▸ Task objective: There is one span to output from the data below: the lines starting at the line with "Beauty Jar Hands" and ending at the line with "Skoda Octavia, 1.6 л, АКПП, 2015 фото 1". Output it exactly, ends included, nothing more.

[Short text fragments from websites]
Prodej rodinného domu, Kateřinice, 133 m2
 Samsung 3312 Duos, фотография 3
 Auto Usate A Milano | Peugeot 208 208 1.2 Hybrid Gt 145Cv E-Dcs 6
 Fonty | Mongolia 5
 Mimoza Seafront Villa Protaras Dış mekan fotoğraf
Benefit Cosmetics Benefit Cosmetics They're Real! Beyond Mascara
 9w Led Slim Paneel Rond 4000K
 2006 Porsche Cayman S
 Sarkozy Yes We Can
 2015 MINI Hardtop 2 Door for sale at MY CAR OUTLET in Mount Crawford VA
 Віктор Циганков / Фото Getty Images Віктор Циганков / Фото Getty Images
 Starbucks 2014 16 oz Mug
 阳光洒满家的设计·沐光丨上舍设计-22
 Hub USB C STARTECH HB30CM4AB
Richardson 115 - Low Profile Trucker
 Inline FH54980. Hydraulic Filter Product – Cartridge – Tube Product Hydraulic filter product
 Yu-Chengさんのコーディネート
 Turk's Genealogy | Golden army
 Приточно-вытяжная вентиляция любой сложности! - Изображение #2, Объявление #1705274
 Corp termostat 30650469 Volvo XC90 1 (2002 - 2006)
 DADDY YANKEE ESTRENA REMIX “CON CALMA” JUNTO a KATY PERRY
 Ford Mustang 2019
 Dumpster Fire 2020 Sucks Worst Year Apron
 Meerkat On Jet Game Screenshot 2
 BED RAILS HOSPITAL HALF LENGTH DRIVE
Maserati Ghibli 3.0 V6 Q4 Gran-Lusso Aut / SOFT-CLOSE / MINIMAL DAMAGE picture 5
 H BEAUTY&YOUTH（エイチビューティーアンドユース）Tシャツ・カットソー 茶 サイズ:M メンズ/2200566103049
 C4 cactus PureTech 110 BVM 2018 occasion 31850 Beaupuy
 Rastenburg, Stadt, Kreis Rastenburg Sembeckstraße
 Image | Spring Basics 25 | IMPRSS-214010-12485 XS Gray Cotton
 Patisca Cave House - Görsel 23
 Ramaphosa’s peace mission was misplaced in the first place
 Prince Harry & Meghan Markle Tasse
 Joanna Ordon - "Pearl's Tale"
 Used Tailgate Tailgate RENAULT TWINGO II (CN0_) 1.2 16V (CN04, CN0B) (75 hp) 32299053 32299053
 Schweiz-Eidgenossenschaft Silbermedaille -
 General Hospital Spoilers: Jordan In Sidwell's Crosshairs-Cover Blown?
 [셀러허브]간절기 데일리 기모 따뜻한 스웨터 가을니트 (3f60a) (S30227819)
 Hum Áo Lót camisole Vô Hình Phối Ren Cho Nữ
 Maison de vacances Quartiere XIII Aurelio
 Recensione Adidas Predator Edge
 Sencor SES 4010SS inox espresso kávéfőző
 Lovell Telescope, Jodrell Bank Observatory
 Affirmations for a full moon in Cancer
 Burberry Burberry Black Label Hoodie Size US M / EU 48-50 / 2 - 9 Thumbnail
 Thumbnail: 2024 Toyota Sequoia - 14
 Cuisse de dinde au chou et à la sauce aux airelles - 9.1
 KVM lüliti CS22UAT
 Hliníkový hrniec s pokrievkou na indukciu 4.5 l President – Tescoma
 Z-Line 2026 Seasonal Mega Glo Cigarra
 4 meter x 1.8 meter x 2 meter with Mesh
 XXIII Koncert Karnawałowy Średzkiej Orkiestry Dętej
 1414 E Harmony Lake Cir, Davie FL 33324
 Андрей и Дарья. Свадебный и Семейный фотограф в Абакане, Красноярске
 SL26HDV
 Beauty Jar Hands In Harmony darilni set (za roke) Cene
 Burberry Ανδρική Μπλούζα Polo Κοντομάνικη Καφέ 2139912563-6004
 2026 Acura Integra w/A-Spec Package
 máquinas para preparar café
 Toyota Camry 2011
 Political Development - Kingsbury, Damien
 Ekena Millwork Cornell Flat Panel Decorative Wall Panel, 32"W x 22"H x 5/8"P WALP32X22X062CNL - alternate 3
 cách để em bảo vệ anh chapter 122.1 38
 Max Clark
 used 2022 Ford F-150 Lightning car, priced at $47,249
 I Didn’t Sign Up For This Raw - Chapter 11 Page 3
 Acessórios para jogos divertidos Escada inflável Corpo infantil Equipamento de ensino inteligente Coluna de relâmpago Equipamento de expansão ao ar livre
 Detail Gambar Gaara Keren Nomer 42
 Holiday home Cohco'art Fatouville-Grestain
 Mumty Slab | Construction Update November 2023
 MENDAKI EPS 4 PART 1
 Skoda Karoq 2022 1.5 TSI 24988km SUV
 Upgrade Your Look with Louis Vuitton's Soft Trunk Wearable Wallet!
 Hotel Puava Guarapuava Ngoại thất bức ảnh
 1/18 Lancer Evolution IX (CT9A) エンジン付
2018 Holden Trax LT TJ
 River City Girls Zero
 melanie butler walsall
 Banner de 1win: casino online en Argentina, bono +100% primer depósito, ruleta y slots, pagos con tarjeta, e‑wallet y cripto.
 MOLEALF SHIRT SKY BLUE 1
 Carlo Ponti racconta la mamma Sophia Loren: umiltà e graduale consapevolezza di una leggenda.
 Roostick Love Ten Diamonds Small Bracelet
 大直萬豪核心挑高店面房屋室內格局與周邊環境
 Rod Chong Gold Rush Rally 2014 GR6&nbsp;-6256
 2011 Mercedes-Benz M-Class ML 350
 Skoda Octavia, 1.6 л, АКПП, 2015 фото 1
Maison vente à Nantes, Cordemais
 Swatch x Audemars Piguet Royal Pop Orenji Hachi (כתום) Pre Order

▸ The answer:
 Beauty Jar Hands In Harmony darilni set (za roke) Cene
 Burberry Ανδρική Μπλούζα Polo Κοντομάνικη Καφέ 2139912563-6004
 2026 Acura Integra w/A-Spec Package
 máquinas para preparar café
 Toyota Camry 2011
 Political Development - Kingsbury, Damien
 Ekena Millwork Cornell Flat Panel Decorative Wall Panel, 32"W x 22"H x 5/8"P WALP32X22X062CNL - alternate 3
 cách để em bảo vệ anh chapter 122.1 38
 Max Clark
 used 2022 Ford F-150 Lightning car, priced at $47,249
 I Didn’t Sign Up For This Raw - Chapter 11 Page 3
 Acessórios para jogos divertidos Escada inflável Corpo infantil Equipamento de ensino inteligente Coluna de relâmpago Equipamento de expansão ao ar livre
 Detail Gambar Gaara Keren Nomer 42
 Holiday home Cohco'art Fatouville-Grestain
 Mumty Slab | Construction Update November 2023
 MENDAKI EPS 4 PART 1
 Skoda Karoq 2022 1.5 TSI 24988km SUV
 Upgrade Your Look with Louis Vuitton's Soft Trunk Wearable Wallet!
 Hotel Puava Guarapuava Ngoại thất bức ảnh
 1/18 Lancer Evolution IX (CT9A) エンジン付
2018 Holden Trax LT TJ
 River City Girls Zero
 melanie butler walsall
 Banner de 1win: casino online en Argentina, bono +100% primer depósito, ruleta y slots, pagos con tarjeta, e‑wallet y cripto.
 MOLEALF SHIRT SKY BLUE 1
 Carlo Ponti racconta la mamma Sophia Loren: umiltà e graduale consapevolezza di una leggenda.
 Roostick Love Ten Diamonds Small Bracelet
 大直萬豪核心挑高店面房屋室內格局與周邊環境
 Rod Chong Gold Rush Rally 2014 GR6&nbsp;-6256
 2011 Mercedes-Benz M-Class ML 350
 Skoda Octavia, 1.6 л, АКПП, 2015 фото 1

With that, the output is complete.